▶ _DATA FOR ANALYSIS_
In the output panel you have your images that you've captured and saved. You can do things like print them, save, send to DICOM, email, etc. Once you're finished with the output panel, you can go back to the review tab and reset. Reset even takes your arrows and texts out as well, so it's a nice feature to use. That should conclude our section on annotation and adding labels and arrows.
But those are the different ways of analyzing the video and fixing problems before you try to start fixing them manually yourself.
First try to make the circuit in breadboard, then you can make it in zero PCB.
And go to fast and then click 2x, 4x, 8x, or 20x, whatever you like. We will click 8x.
* * *
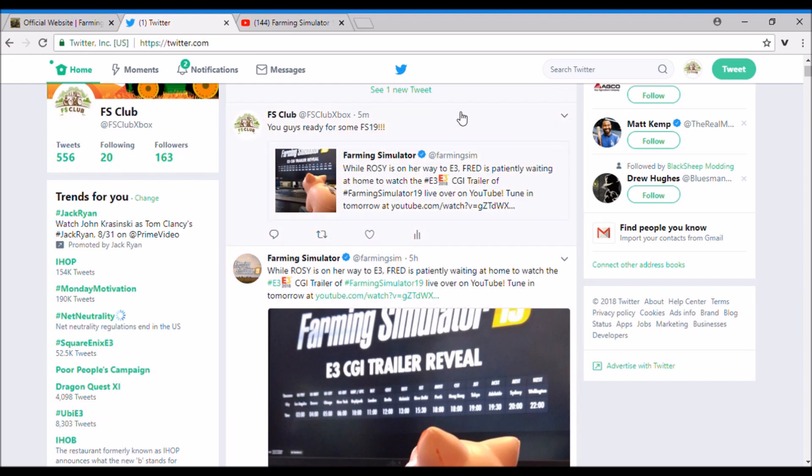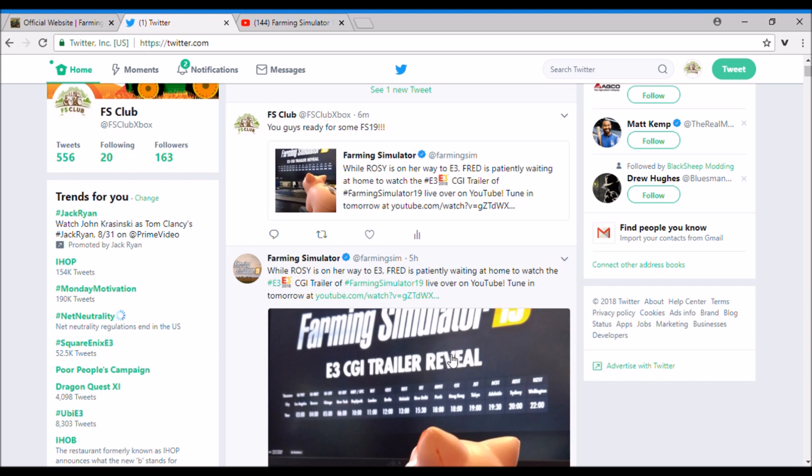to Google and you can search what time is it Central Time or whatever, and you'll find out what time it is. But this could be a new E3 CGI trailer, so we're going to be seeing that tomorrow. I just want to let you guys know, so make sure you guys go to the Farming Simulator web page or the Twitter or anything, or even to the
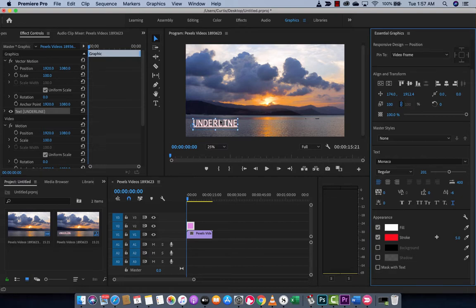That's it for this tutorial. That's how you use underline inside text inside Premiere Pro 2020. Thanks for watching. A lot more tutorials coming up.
...
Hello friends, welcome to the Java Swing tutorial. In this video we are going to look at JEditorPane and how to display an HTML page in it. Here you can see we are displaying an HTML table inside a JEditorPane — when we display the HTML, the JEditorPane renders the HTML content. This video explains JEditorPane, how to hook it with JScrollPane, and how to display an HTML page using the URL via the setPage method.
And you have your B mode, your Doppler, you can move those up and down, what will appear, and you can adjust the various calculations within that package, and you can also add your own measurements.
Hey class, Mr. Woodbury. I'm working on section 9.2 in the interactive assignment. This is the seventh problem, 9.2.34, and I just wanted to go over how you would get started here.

▶ _PROMPT_
Look through the entries above and report each line where the string "have" occurs.

▶ _SOLUTION TO THIS TASK_
In the output panel you have your images that you've captured and saved. You can do things like print them, save, send to DICOM, email, etc. Once you're finished with the output panel, you can go back to the review tab and reset. Reset even takes your arrows and texts out as well, so it's a nice feature to use. That should conclude our section on annotation and adding labels and arrows.
And you have your B mode, your Doppler, you can move those up and down, what will appear, and you can adjust the various calculations within that package, and you can also add your own measurements.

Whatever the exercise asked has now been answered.